TREXIM CORPORATION Vs. FORTIS SECURITIES LTD

Decided On January 10, 2012
TREXIM CORPORATION Appellant
V/S
FORTIS SECURITIES LTD. Respondents

JUDGEMENT

(1.) The challenge in this petition under Section 34 of the Arbitration and Conciliation Act, 1996 ('Act') is to an Award dated 28 th October 2004 passed by the Arbitral Tribunal constituted under the Bye Laws, Rules and Regulations of the National Stock Exchange of India Ltd. ('NSEIL'). By the impugned Award the Arbitral Tribunal allowed the claims of the Respondent and directed that the Petitioner would pay to the Respondent a sum of Rs. 43,15,797.06 together with simple interest @ 12% per annum from 1 st April 2000 till the date of the payment.

(2.) The Petitioner Trexim Corporation ('Trexim') states that it had certain transactions with the Respondent Fortis Securities Ltd. ('Fortis') in sale and purchase of shares from December 1997 onwards. The dealings between the parties were in accordance with the Contract Notes that were duly acknowledged and confirmed in writing. Trexim and its partner Mr. Arvind Kapur appended signatures to a Member-Constituent Agreement dated 11 th February 1998. While the case of Trexim was that the parties stopped transacting after December 1999, barring a few transactions in January 2000, Fortis maintained that the transactions continued in February and March 2000. Fortis' claim before the Arbitral Tribunal of the NSEIL was that for the transactions between January and March 2000, Trexim owed it a sum of Rs. 80,16,602.83 together with interest at 24% per annum with effect from 22 nd March 2000 till the date of payment. Trexim on the other hand denied that the transactions for which the claim was raised were entered into on its behalf by Fortis.

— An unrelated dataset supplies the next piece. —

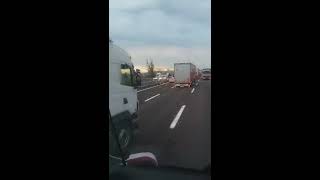 video molto forte incidente mortale sulla A4 [upl. by Tsirhc644]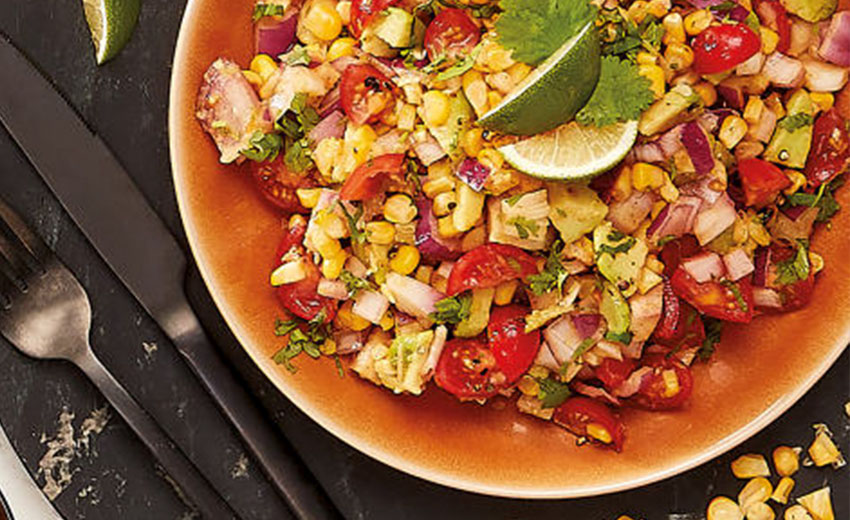 Grilled Corn Salad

(3.) Trexim's preliminary objection to the constitution of the Arbitral Tribunal was rejected by it by an order dated 18 th January 2002. In the final Award dated 28 th October 2004 the Arbitral Tribunal negatived Trexim's further preliminary objections to its jurisdiction to entertain Fortis' claims. It held that inasmuch as Bye Law 1 (a) of the NSEIL's byelaws provided that all dealings on the NSE were automatically subject to arbitration under the NSEIL Bye Laws, Rules and Regulations, and the MCA between Trexim and Fortis also mentioned that all dealings between them on the NSE shall be subject to its bye laws, there was in effect an arbitration agreement between the parties. Trexim's contention that the disputes could only pertain to transactions on the NSE was accepted by the Arbitral Tribunal. It was however observed that if Fortis was prepared to give credit to Trexim for any money due to Trexim even though arising outside NSE transactions, there could be no objection as Fortis was voluntarily giving up its claim by way of adjustment.